Work request: Range to reproduce from the entries below: the line with "Harold Melvin &", the line with "Tiguar HEX dumbbell", and every line in between. Give them exactly and give nothing else.

Information shown:
########################################
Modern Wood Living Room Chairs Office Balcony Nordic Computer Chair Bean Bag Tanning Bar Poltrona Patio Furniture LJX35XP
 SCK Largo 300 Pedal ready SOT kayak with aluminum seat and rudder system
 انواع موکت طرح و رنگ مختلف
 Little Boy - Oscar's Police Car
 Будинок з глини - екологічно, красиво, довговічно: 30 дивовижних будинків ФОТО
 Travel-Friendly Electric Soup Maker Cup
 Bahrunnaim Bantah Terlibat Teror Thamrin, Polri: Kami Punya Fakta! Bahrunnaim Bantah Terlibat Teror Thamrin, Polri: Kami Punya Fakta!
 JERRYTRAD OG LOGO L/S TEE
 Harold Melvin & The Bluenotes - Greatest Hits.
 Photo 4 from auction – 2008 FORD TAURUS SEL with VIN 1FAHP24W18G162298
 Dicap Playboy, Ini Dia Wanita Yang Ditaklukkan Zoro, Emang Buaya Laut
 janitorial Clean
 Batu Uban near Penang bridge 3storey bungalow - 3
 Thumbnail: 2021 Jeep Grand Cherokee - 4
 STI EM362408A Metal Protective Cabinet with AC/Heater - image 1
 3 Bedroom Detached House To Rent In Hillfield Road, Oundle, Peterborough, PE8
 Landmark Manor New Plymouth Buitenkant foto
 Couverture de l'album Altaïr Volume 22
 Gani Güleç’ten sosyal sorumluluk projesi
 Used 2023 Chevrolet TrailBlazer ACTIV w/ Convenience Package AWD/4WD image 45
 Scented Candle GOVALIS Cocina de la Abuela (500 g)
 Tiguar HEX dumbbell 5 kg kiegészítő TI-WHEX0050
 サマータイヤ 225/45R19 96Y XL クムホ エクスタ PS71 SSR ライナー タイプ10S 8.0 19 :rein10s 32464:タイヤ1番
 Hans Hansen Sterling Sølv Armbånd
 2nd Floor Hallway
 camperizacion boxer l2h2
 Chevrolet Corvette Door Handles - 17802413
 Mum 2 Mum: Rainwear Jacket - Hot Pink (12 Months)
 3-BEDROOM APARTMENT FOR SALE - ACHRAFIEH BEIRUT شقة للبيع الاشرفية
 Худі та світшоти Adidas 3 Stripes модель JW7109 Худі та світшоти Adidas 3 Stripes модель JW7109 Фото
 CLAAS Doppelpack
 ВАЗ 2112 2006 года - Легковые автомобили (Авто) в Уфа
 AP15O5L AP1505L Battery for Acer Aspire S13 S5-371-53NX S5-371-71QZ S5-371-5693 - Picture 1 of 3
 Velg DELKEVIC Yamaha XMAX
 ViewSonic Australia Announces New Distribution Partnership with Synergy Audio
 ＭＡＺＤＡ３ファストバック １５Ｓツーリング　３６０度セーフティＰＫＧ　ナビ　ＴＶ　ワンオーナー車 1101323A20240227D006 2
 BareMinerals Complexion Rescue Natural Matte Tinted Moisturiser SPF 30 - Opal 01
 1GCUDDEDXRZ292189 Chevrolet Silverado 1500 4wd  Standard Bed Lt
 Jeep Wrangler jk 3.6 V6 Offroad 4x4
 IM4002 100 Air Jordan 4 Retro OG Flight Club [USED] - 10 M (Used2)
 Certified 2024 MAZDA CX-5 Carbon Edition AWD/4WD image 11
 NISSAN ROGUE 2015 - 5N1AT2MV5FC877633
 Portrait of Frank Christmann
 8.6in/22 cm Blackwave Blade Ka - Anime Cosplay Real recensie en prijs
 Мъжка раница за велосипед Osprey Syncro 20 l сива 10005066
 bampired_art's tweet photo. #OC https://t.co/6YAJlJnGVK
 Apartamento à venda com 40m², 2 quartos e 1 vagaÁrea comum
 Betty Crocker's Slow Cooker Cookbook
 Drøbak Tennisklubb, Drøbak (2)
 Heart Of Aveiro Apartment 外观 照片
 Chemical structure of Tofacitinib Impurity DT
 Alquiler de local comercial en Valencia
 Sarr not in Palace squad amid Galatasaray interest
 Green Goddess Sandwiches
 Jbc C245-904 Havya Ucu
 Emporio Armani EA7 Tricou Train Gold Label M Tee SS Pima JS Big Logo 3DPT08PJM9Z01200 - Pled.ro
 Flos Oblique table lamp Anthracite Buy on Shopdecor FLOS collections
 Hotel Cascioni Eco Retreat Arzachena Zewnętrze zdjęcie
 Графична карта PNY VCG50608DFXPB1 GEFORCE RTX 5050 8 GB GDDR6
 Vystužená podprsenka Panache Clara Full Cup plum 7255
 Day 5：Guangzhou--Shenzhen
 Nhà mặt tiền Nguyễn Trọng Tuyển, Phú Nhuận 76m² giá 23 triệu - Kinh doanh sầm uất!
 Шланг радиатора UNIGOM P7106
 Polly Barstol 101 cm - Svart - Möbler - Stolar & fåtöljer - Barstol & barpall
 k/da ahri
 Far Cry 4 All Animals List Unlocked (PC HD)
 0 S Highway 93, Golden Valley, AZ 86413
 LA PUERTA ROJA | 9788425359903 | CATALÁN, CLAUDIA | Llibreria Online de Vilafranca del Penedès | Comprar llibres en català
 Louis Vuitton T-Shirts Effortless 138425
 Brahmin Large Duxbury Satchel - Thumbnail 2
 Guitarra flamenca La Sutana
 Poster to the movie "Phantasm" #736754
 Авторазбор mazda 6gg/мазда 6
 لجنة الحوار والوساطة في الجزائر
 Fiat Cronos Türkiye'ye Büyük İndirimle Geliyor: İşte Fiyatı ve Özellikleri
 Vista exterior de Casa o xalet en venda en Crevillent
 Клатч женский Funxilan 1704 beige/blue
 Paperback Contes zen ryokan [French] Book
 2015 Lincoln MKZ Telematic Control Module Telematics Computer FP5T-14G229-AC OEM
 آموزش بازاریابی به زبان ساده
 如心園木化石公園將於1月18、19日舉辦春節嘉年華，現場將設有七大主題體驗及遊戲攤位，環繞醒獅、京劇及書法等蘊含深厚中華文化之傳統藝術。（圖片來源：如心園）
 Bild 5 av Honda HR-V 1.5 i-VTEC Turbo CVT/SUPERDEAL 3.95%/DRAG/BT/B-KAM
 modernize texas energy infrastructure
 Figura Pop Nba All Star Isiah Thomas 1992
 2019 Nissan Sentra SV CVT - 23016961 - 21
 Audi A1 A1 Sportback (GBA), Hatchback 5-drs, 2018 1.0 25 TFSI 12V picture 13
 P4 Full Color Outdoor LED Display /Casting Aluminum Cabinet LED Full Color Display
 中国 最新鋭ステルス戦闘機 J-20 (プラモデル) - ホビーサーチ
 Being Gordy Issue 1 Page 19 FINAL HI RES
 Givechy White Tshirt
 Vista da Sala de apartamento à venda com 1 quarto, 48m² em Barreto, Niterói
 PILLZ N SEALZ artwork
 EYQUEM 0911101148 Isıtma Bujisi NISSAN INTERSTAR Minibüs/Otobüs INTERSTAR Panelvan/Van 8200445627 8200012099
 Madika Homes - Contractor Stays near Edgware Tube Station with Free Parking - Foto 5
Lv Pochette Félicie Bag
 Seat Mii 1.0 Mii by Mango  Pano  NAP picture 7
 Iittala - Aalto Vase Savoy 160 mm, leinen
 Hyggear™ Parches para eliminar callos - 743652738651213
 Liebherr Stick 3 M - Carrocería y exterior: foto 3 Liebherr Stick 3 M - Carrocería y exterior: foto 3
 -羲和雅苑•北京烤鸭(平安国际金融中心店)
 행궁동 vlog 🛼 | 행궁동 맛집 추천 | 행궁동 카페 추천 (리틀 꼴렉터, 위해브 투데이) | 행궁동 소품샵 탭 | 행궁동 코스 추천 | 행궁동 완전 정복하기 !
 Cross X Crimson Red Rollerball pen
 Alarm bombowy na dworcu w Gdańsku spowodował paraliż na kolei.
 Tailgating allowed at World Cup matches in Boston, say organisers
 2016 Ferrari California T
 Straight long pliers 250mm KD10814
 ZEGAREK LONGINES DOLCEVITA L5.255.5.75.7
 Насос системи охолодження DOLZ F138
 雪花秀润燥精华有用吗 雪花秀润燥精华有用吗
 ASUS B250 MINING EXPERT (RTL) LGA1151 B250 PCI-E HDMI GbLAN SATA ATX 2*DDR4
########################################
Written solution:
 Harold Melvin & The Bluenotes - Greatest Hits.
 Photo 4 from auction – 2008 FORD TAURUS SEL with VIN 1FAHP24W18G162298
 Dicap Playboy, Ini Dia Wanita Yang Ditaklukkan Zoro, Emang Buaya Laut
 janitorial Clean
 Batu Uban near Penang bridge 3storey bungalow - 3
 Thumbnail: 2021 Jeep Grand Cherokee - 4
 STI EM362408A Metal Protective Cabinet with AC/Heater - image 1
 3 Bedroom Detached House To Rent In Hillfield Road, Oundle, Peterborough, PE8
 Landmark Manor New Plymouth Buitenkant foto
 Couverture de l'album Altaïr Volume 22
 Gani Güleç’ten sosyal sorumluluk projesi
 Used 2023 Chevrolet TrailBlazer ACTIV w/ Convenience Package AWD/4WD image 45
 Scented Candle GOVALIS Cocina de la Abuela (500 g)
 Tiguar HEX dumbbell 5 kg kiegészítő TI-WHEX0050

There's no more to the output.